THE RELAY #1, by Zac Thompson and Andy Clarke
ANDREW: The thing that really grabbed me about this first issue was the density, not just with the writing, which deals with some pretty heady issues, but also the art, which is a major selling point for this book. I can't think of an Aftershock book that had anything less than solid art, but the work here, by Andy Clarke, really stood out. There's a bit of Steve Pugh in the faces, with the detail of an Erik Burnham. It's a good combination--so good I'm a little surprised to see him working for a smaller publisher like Aftershock rather than one of the bigger companies. Aftershock EiC Mike Marts must be doing something right.
BEEN: I agree about the art. Artist Andy Clarke and colorist Dan Brown have done an outstanding job. There's a true sense of movement, of emotion, and yes definitely of density. Visually this story is packed full of kind of a stunning amount of information and imagery yet I wasn't overwhelmed. It worked. The art pulled me in and I felt it was a good match to the density of the writing. Which we should talk about because this story is not, by any stretch, a light-hearted throwaway romp far. It has depth and, I'm guessing/hoping, legs.
ANDREW: The comic touches on some pretty heavy stuff, featuring as it does an omnivorous uber-culture that arrives at other worlds and either assimilates or destroys them. It also deals with a semi-underground faith (if not a faith, it certainly has religious aspect) focused on a guy named Donaldson, whose world followers of "The Edict" are commanded to find. The Edict is transmitted from the Relay, the monolithic building that brings the uber-culture to other worlds, which you'd think would count for something. In spite of that, the faith of one of our protagonists, Security Officer Jad, who seems to be a legitimate believer in Donaldson and the First World, does not seem well-regarded by his colleagues, who see the Donaldson myth as a population control mechanism more than anything else.

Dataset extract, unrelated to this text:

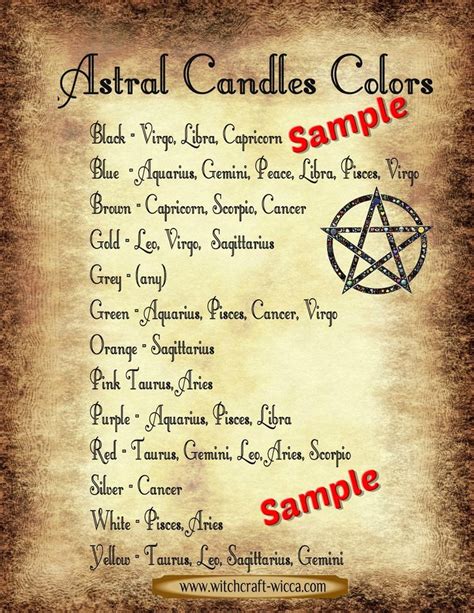 Witchcraft Candle Magic Grimoire Pages Candle Color Meaning Witch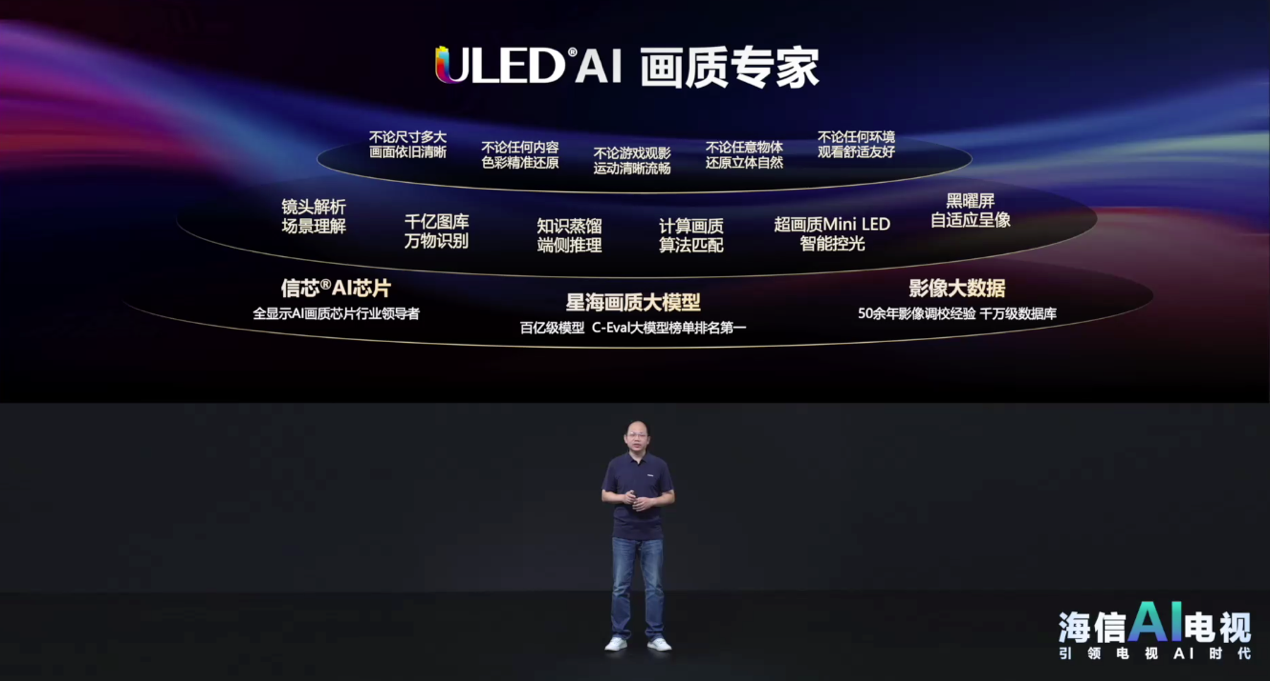 海信发布全新一代 AI 电视 引领 AI 画质新标杆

Then again, it's possible Jad, despite his action-packed introduction, isn't intended to play the part of a hero. One of the issue's most disturbing sequences is Jad arguing in favour of absorbing/dominating other cultures in order to create a single reality. There's an interesting philosophical point in there, but it's being used in defence of obliterating worlds that don't toe the Relay's line. His unquestioning devotion to forced cultural assimilation doesn't exactly make him a heroic figure in my book.
BEEN: I would agree with your assessment of Jad here. It's difficult to tell if he's being set up as the hero figure or not given that this first issue lays so much groundwork for so many directions to be taken in the future. But I have a hard time considering devotion to any subsuming Borg-like overlord culture to be heroic. Then again, this story could go anywhere. If Donaldson is in fact real, how does that positively or negatively impact the 'faith' the Relay transmits and is set up to control? There are more questions than answers which, in my opinion, makes for a compelling start to the series. I have no true sense of where things are going in Relay but wherever it goes I want to read it. I'm intrigued.